Exercise. Output every line of the material exactly, omitting images.

Recorded data.

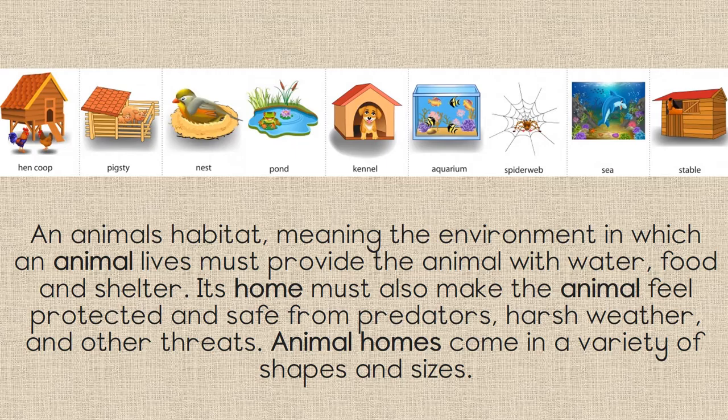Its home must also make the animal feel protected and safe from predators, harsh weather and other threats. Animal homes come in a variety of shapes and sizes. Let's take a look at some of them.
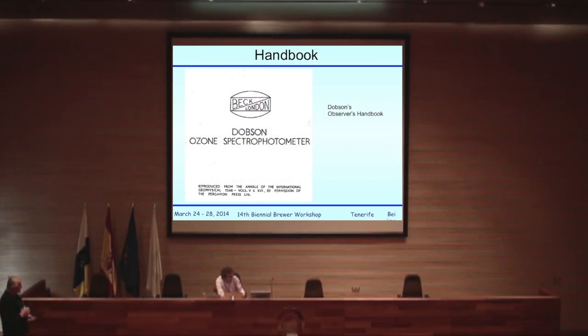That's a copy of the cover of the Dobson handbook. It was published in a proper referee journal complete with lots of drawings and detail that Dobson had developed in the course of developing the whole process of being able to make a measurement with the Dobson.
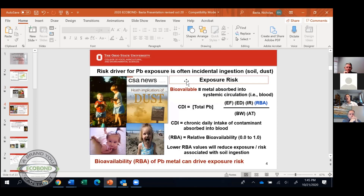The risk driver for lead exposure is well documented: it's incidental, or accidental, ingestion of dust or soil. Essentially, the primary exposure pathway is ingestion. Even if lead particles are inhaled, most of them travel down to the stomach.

Solution for this problem.
Its home must also make the animal feel protected and safe from predators, harsh weather and other threats. Animal homes come in a variety of shapes and sizes. Let's take a look at some of them.
That's a copy of the cover of the Dobson handbook. It was published in a proper referee journal complete with lots of drawings and detail that Dobson had developed in the course of developing the whole process of being able to make a measurement with the Dobson.
The risk driver for lead exposure is well documented: it's incidental, or accidental, ingestion of dust or soil. Essentially, the primary exposure pathway is ingestion. Even if lead particles are inhaled, most of them travel down to the stomach.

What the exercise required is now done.